The next day, Sunday, was spent touring the very extensive museum facility at Wetaskiwin airport. The collection of aircraft, autos and farm machinery is most impressive and very well displayed. The storage buildings contain many more artifacts awaiting restoration, some of them in fine enough condition to be used as museum displays now. Vic and his Harvard departed for Golden this afternoon for a visit with family and then on to Langley the following day.
The CMF's 1937 Waco over the flatlands to the south of Nanton, AB.
Day six was the start of the long journey back to Langley for the Waco crew. After checking the weather, filing a flight plan and packing a lunch, we launched from Wetaskiwin into the wild blue yonder on the next flight leg to Sparwood, BC. The Waco was refueled in Sparwood, we enjoyed another picnic lunch (this time on the clubhouse veranda) and then we departed for our last overnight stop – back once more to Creston. As luck would have it, the tail winds found on the flights to the east had now switched around to provide us with tailwinds and good groundspeeds that would last all the way to Langley. During the Creston layover, we were treated by Bill Piper to a very informative tour of the valley that included an explanation of the system of dikes that his family had helped build in the early days of farming there. Dinner and crew rest were next on the program.
We awoke to yet another sunny day which allowed for easy flight planning on this the final day of our journey.
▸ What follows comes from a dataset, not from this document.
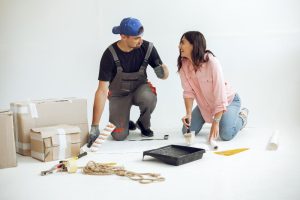A young couple is renovating an office (illustration)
From Creston, we climbed the big red Waco up to altitude and followed the Creston/Salmo highway to Trail and then via Grand Forks to our next fuel stop at Oliver in the southern Okanagan. Bill’s parents, Ray and Win, met us there for lunch and then it was off to Langley for the last leg of this outstanding adventure. This final leg routed via Keremeos, Princeton, Manning Park, Hope, and Chilliwack to an on time arrival at Langley. We were continually dazzled by the incredible scenery that BC has to offer, especially as seen from the air. We all agreed that Doug had the best seat in the house as he roamed from side to side in the spacious comfort of the Waco’s rear seat.
Almost home - flight above the Coast Mountains southeast of Hope, BC.
Our excellent adventure had been one hundred years in the making. Did we have a good time? Yes, we certainly did! Did the Waco perform up to its potential? It met and even exceeded our expectations. What a wonderful flying machine is this 1937 Waco Cabin. Thanks to all who had a part in making this journey possible. We are all so fortunate to be members of a Museum whose policy it is to maintain several aircraft in flying condition so that these classic machines can be seen and heard in their natural environment – flight!